### YOUR ASSIGNMENT
Find the line that holds "CA3 Series SNMG (KG Breaker)", then repeat it and each line below it word for word through the end of the listing, leaving out pictures.

### MATERIAL PROVIDED

☆ ☆ ☆ ☆ ☆ ☆ ☆

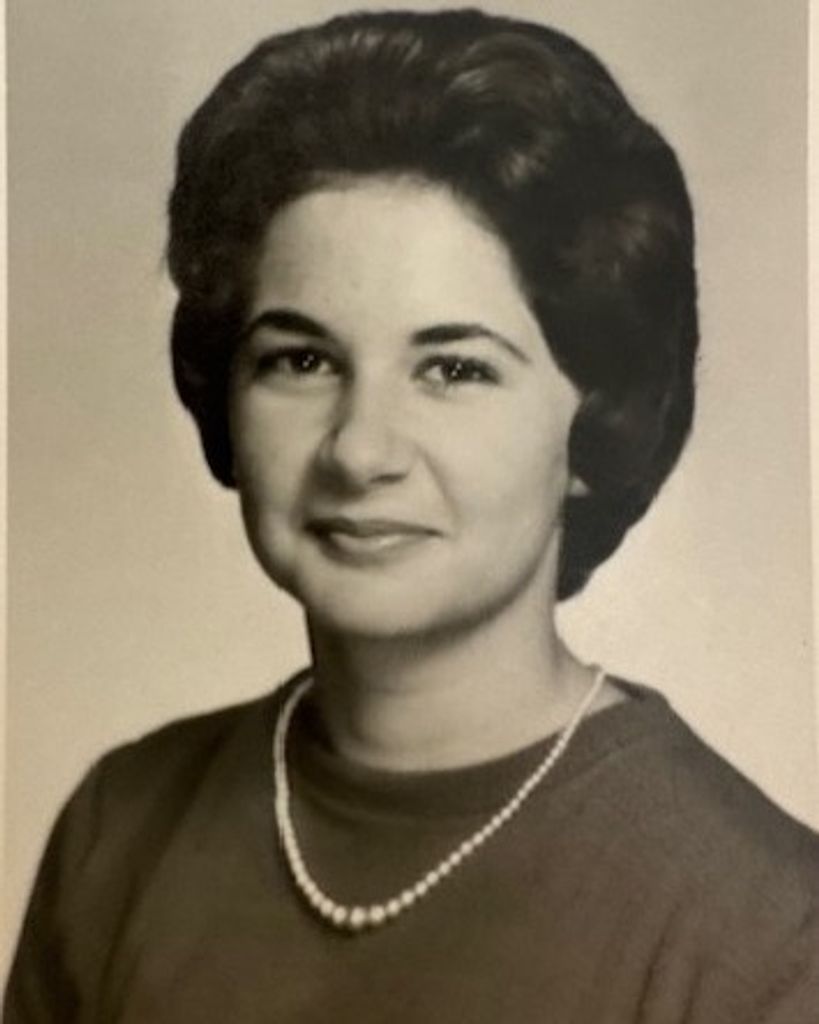 Cecilia Elizabeth Johnson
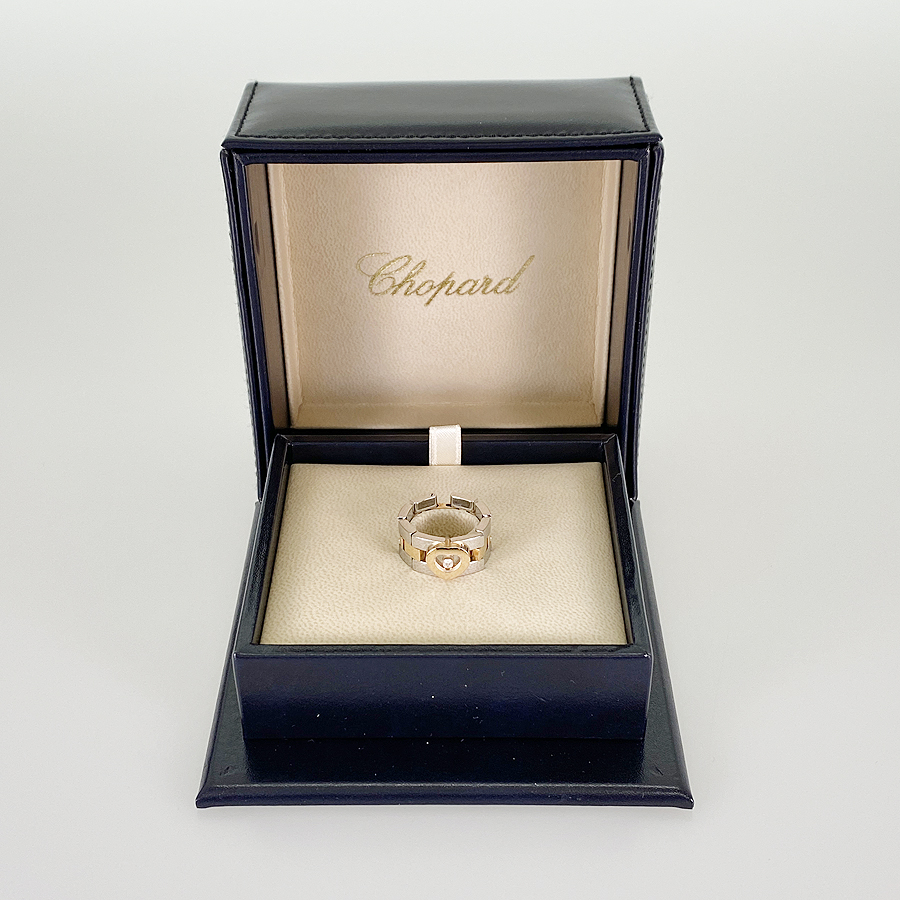 ショパール リング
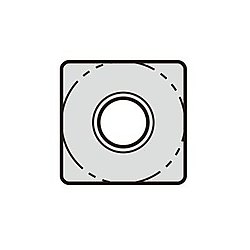 CA3 Series SNMG (KG Breaker)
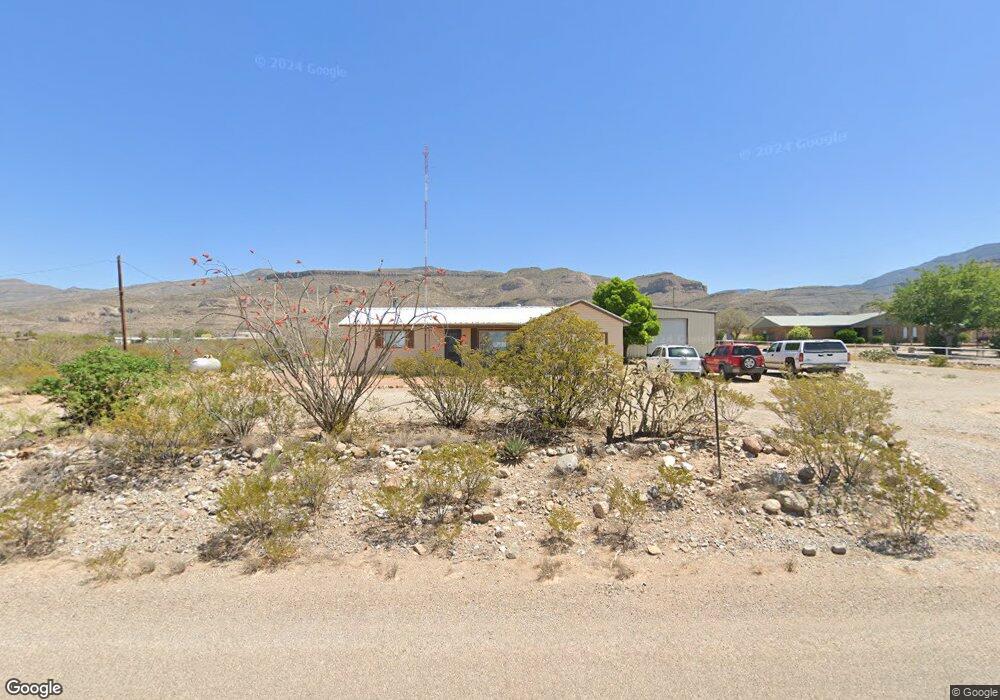 23 S Canyon Rd unit RD 1/2, Alamogordo, NM 88310 - photo 1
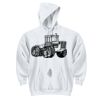 UltraBlend Pullover Hooded Sweatshirt Thumbnail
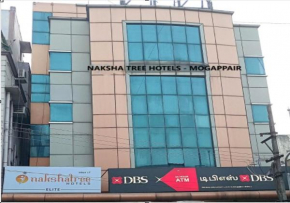 Naksha Tree Hotels - Mogappair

☆ ☆ ☆ ☆ ☆ ☆ ☆

### RESULT OF THE EXERCISE
 CA3 Series SNMG (KG Breaker)
 23 S Canyon Rd unit RD 1/2, Alamogordo, NM 88310 - photo 1
 UltraBlend Pullover Hooded Sweatshirt Thumbnail
 Naksha Tree Hotels - Mogappair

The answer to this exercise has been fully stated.